Whether at the Tate's Van Gough exhibition or at the Master Tournament, the names of various accounting firms have been catching the eye in the last few days.
At Tate Britain at the moment, EY is sponsoring the wonderful Van Gogh and Britain exhibition. Although about half of the paintings on display are by other artists, since the curators are keen to establish the influence that the great Dutch artist had on his successors, not to mention some of his own sources. There are many wonderful exhibits that Londoners will probably never have seen before.
While Starry Night on the Rhône, L'Arlésienne, which is usually housed at the Musée d’Orsay in Paris might be familiar, there is a beautiful, quiet prison yard scene, not to mention various stunning portraits and even a pair of boots that will please any fans and should convert many others to the cause.

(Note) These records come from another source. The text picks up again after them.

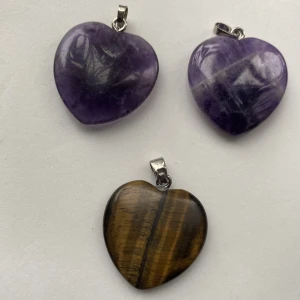 Kristall hänge - Säljer tre hjärtformade kristallhängen, den lila till vänster är ametist, den i mitten är tigeröga och den till höger är flourit. 1 för 40kr, 2 för 75kr 3 för 100kr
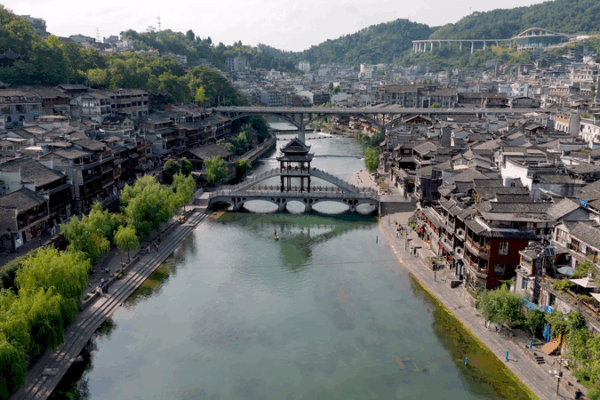 Discover Fenghuang: Hunan’s Ancient Water Town 🌊🏮 video poster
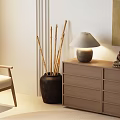 Modern Chest of Drawers with Bamboo Sticks in Clay Pot Table Lamp and Buddha Statue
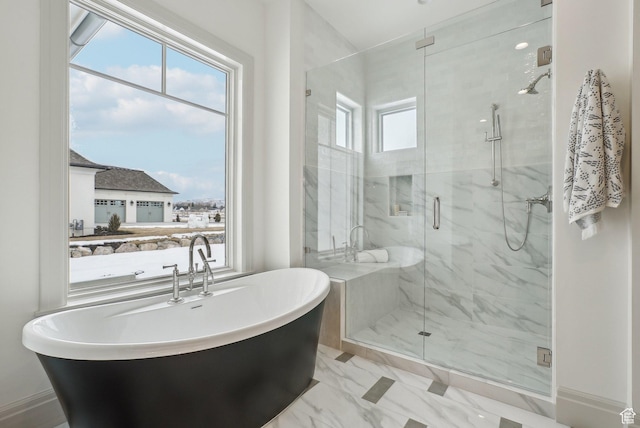 bathroom featuring marble finish floor, a marble finish shower, and a freestanding bath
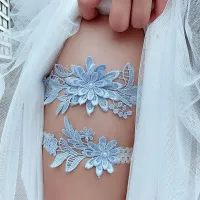 Lace wedding garters in beautiful elegant colors
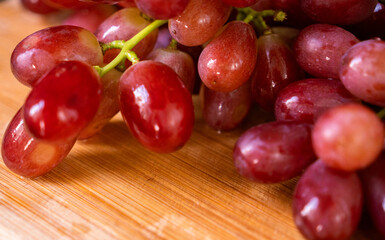 Ruby Grapes on Wooden Board: A vibrant cluster of ripe, ruby-red grapes rests on a rustic wooden board, showcasing their succulent texture and inviting allure.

Strangely, EY seem to care little about supporting the brand regarding this fantastic marketing opportunity. Its website is still advertising a Tate exhibition from 2017.
On Sunday, while Tiger Woods was re-establishing himself as a Major champion, at least two of his challengers were sporting prominent advertisements for our industry. The man in black Phil Mickelson has long been an advocate for KPMG, while Rickie Fowler has Grant Thornton emblazoned on his tasteful orange clothing.
A brief exploration of major practices’ websites demonstrates that these firms are not alone. On a much smaller scale, Deloitte sponsors the Women’s Prize for Fiction and PwC is also majoring on the arts, sponsoring young people to go to the Old Vic.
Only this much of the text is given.